Debate-guidelines for control of glycopeptide-resistant enterococci (GRE) have not yet worked
- PMID: 15320355
- DOI: 10.1016/s0195-6701(03)00258-5
Debate-guidelines for control of glycopeptide-resistant enterococci (GRE) have not yet worked
Abstract
Glycopeptide-resistant enterococci (GRE) have become a focus of concern in many countries because options for antimicrobial therapy of GRE infection are limited. Several guidelines for the control and prevention of GRE colonization and infection have been developed for healthcare settings, and occasional journal articles now report "control" (usually relative reduction of incidence or prevalence rate rather than elimination) of GRE infections. Yet, rates of infection and colonization with GREcontinue to climb in many parts of the world, showing that true control has not been achieved.

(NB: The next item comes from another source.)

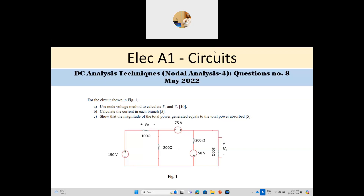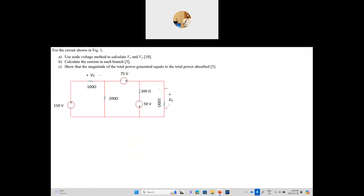Hi everyone and welcome back to this series of Electrical A1 Circuit PEO exam. This is from May 2022, one of the exams that happened after the pandemic. This question is about nodal analysis — I've done three questions on nodal analysis so far, but this one has a different idea than the previous ones. Here you have a circuit composed of DC voltage sources only and resistors, and the question specifically says to use the node voltage method.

Programmes to control GRE will be effective only when they (1) are less expensive to implement; (2) are shown to be cost-effective despite the fact that they merely reduce prevalence levels rather than eradicating the problem; (3) do not require almost perfect implementation to be effective; (4) are shown to be sustainable; (5) are shown to work in acute-care settings other than selected academic centres; and (6) are shown to work in non-acute care settings. Until then, it is clear that guidelines for control of GRE have not worked. New guidelines that truly control GRE must be developed, and this must be done quickly.